_WHAT IS BEING ASKED_. Find the line with "tectake Marilyn Set" in the entries below, then output every line from it down to the line with "Anatomical visualization of", exactly and with no pictures.

_EXERCISE DATA_.
##############################
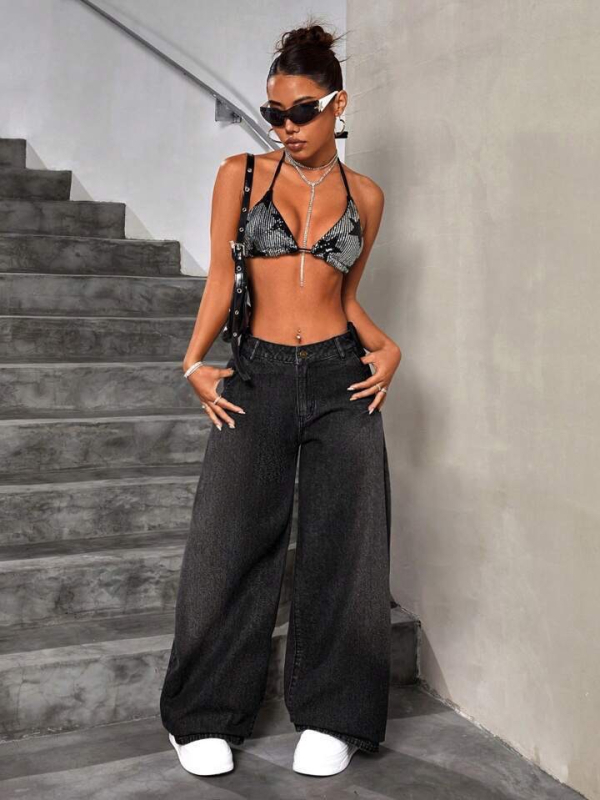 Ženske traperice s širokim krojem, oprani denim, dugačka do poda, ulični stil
##############################
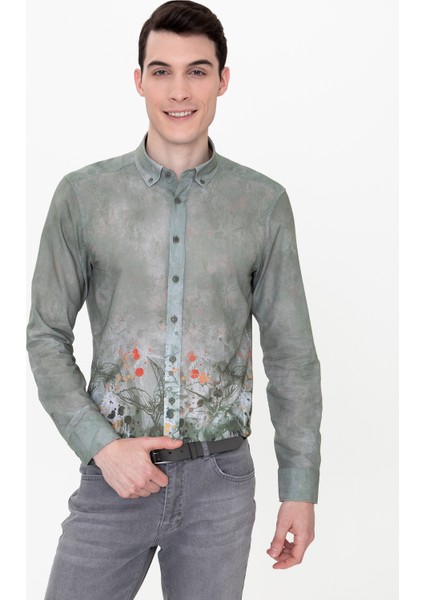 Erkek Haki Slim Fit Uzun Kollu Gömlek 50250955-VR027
##############################
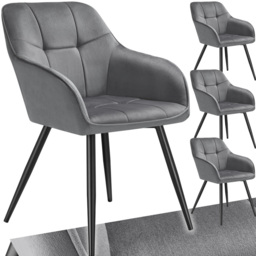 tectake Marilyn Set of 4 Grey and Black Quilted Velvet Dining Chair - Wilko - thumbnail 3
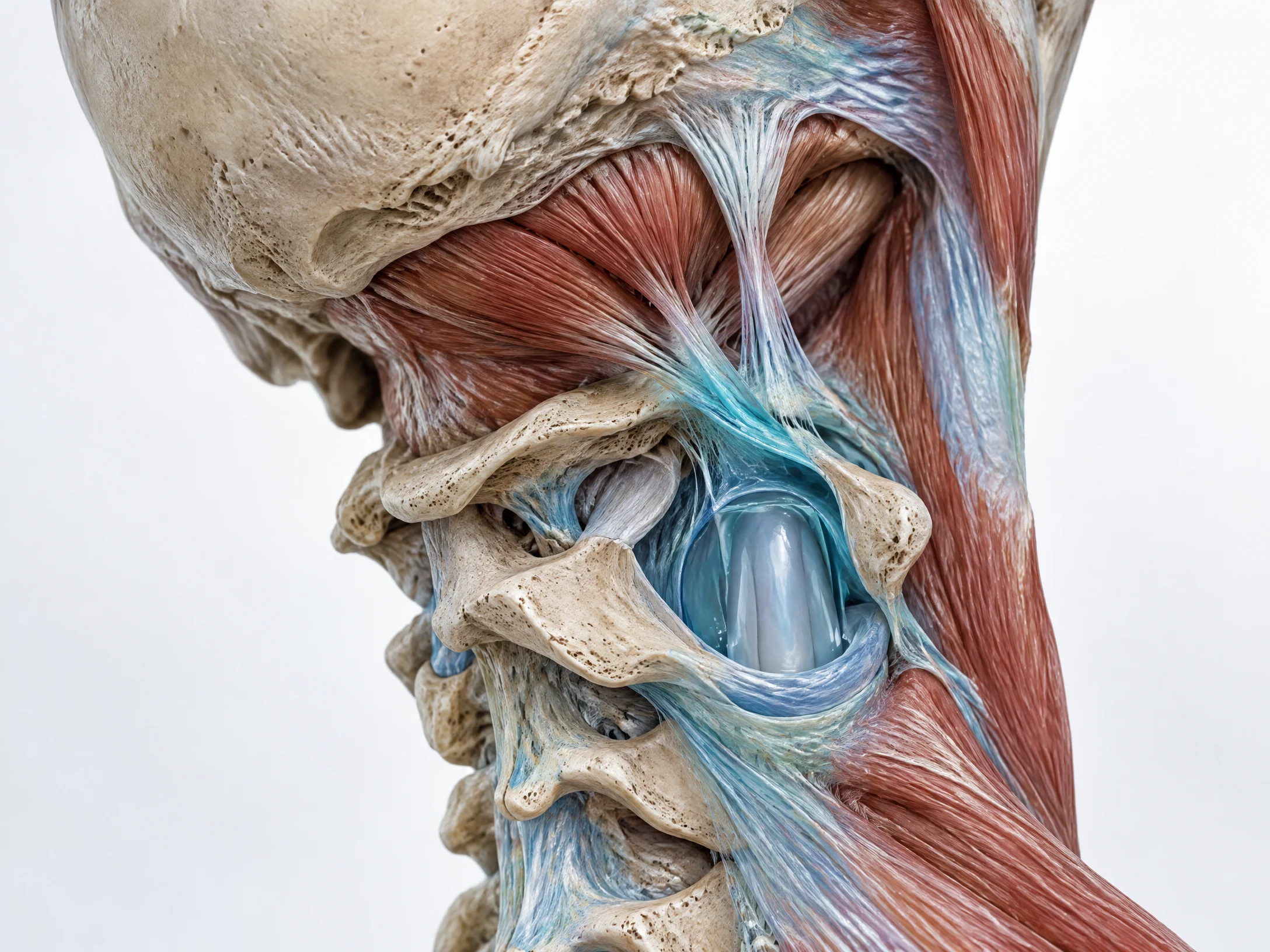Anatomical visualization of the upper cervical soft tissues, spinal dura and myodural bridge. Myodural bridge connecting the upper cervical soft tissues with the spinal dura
##############################
_SOLUTION_.
 tectake Marilyn Set of 4 Grey and Black Quilted Velvet Dining Chair - Wilko - thumbnail 3
Anatomical visualization of the upper cervical soft tissues, spinal dura and myodural bridge. Myodural bridge connecting the upper cervical soft tissues with the spinal dura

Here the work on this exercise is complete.